The white-edged oriole is 19 to 20 cm long. Males weigh an average of about 46 g and females about 37 g. The sexes have the same plumage. Adults are mostly orange-yellow. They have black lores, a black "mask", and a black "bib" from the chin to the upper breast. Their back is black. Their wings are mostly black with pale yellow lesser and median coverts. Their innermost secondaries and their tertials have the eponymous wide white edges at their bases that show as a large white patch on the closed wing. Their tail is mostly black with white edges on the outermost pair of feathers and sometimes white tips on the next three pairs inward. They have a dark brown iris, a black bill with a gray base to the mandible, and grayish blue legs and feet. Juveniles are duller and greener than adults, with olive tips on the back feathers, dull blackish coverts with yellow tips, and much less white on the flight feathers.

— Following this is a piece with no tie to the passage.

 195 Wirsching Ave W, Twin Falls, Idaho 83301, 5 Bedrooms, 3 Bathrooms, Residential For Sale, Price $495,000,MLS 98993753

==Distribution and habitat==

The white-edged oriole is found in a somewhat narrow band along the Pacific coast from central Manabí Province in west-central Ecuador south into northwestern Peru's La Libertad Department. It primarily inhabits dry deciduous forest and arid scrublands but in far southern Ecuador also is found in the adjoining subtropical zone. In Ecuador it is found mostly below 400 m and in Peru is found locally as high as 1800 m.

==Behavior==
===Movement===

The white-edged oriole is believed to be a year-round resident.

===Feeding===

The white-edged oriole's diet has not been studied but is assumed to be arthropods, fruit, and nectar. It usually forages in pairs or family groups.

===Breeding===

The white-edged oriole's breeding season has not been fully defined but includes at least February and March in Ecuador and possibly extends to May in Peru. It is a monogamous solitary breeder. Its nest is a bag made from plant fibers hanging by its rim, typically from a branch fork. Two nests in Ecuador were 1.8 and 4 m above the ground. The clutch is two or three eggs that are cream-colored with dark brown markings. Both parents provision nestlings. The incubation period, time to fledging, and other details of parental care are not known. The shiny cowbird (Molothrus bonariensis) is a brood parasite.

===Vocalization===

The white-edged oriole's song is a "series of rich musical phrases...e.g. chiro-chowee...weeeenh-weh...chiro-chowee...piro, chiro-chowee...weeeenh-weh...piro, chiro-chowee". Its call is "a distinctive throaty jori-jori" that is usually doubled.

==Status==

The IUCN has assessed the white-edged oriole as being of Least Concern. It has a large range; its population size is not known but is believed to be stable. No immediate threats have been identified. It "[s]eems to be relatively numerous and tolerant of moderate disturbances".